Ward has not moved to withdraw her admission, as Rule 36(b) requires, but courts have construed oppositions to motions for summary judgment as motions to withdraw or amend admissions under Rule 36(b). See Fernandez v. McKnight, No. 12-557, 2014 WL 352238, at *3 (E.D. Cal. Jan. 31, 2014); F.C. ex rel. Rios v. County of Los Angeles, No. 10-169, 2010 WL 5157339, at *4 (C.D. Cal. Dec. 13, 2010). The court so construes Ward's filing here because CCS has had an opportunity to oppose her request. See Opp'n Ward Mot. at 3.

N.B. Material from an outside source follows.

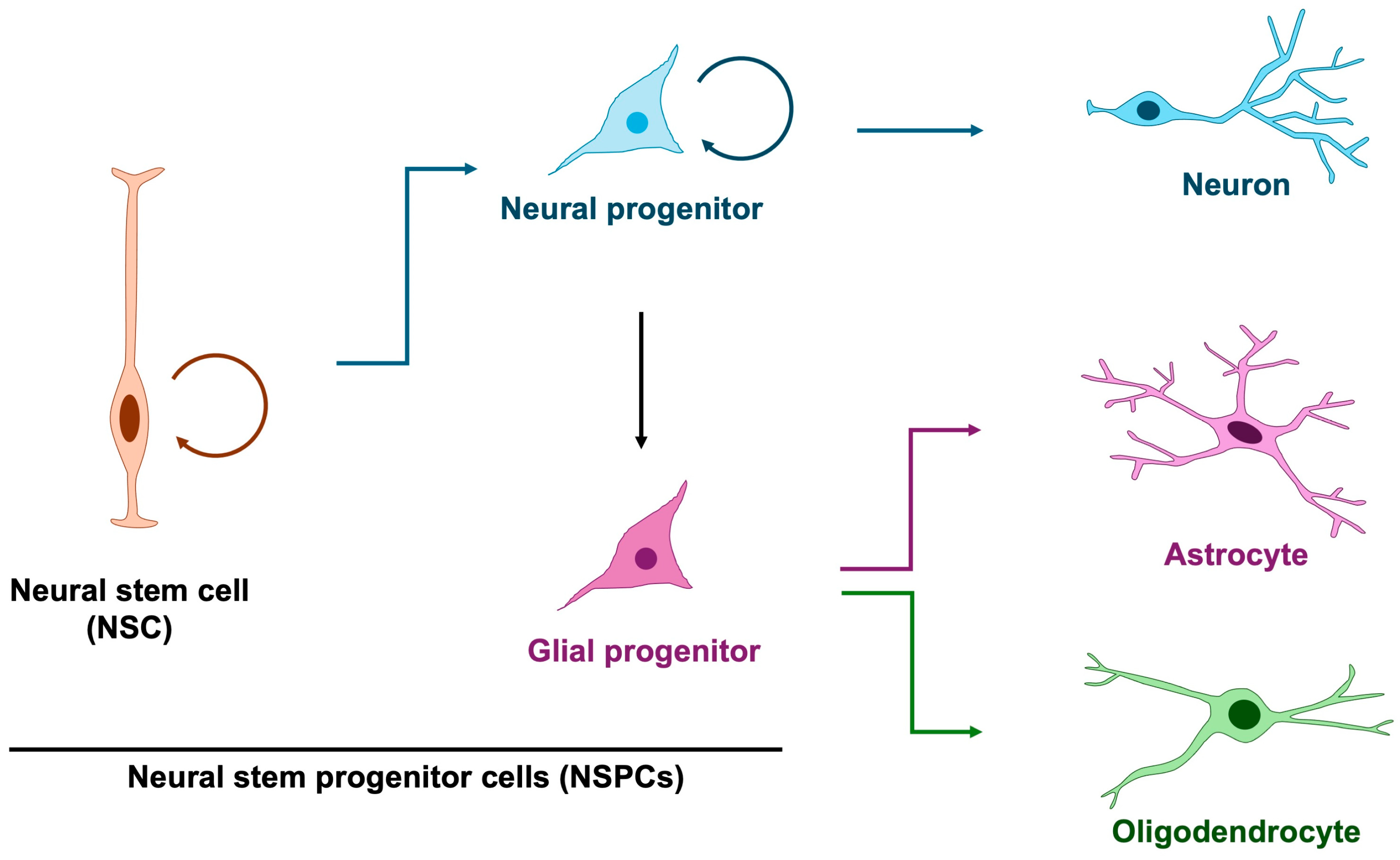 Jdb 13 00040 g001 Jdb 13 00040 g001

An admission may be withdrawn only if (1) withdrawal would promote the presentation of the merits and (2) withdrawing the admission would not cause prejudice to the party who obtained it. See Conlon, 474 F.3d at 621 (summarizing the Rule 36(b) test). A district court must consider both factors. Id. at 625. “The first half of the test in Rule 36(b) is satisfied when upholding the admissions would practically eliminate any presentation of the merits of the case.” Hadley v. United States, 45 F.3d 1345, 1348 (9th Cir. 1995). In the second half of the test, the party who relies on the admissions bears the burden of proving it would be prejudiced at trial were the admissions withdrawn. Conlon, 474 F.3d at 622. “Prejudice” in this context means more than “that the party who obtained the admission will now have to convince the factfinder of its truth.” Hadley, 45 F.3d at 1348 (quoting Brook Vill. N. Assocs. v. Gen. Elec. Co., 686 F.2d 66, 70 (1st Cir. 1982)). “Rather, it relates to the difficulty a party may face in proving its case, ” for example, if key witnesses are now unavailable. Id. (quoting Brook Vill., 686 F.2d at 70).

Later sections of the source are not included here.